START INFORMATION GIVEN

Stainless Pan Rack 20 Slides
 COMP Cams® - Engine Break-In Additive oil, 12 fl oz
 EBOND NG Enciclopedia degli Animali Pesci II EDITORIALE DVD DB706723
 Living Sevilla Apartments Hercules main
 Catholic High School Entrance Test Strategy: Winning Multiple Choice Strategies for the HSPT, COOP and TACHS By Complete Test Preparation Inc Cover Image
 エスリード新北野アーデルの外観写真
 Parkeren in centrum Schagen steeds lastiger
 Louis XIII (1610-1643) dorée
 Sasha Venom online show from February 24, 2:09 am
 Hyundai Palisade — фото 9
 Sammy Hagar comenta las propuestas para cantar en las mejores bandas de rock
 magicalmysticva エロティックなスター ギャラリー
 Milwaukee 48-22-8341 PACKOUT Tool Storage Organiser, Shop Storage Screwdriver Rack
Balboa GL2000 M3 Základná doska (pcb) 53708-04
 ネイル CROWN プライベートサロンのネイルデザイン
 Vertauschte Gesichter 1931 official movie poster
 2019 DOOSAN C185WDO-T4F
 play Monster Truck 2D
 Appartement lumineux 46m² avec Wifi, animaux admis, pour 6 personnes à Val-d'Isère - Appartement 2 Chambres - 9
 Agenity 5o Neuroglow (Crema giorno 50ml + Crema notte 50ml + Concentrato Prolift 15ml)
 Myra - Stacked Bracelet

END INFORMATION GIVEN

→ WORK REQUIRED: Please return all lines from the records that hold the word "Rack".

→ WRITTEN RESPONSE:
Stainless Pan Rack 20 Slides
 Milwaukee 48-22-8341 PACKOUT Tool Storage Organiser, Shop Storage Screwdriver Rack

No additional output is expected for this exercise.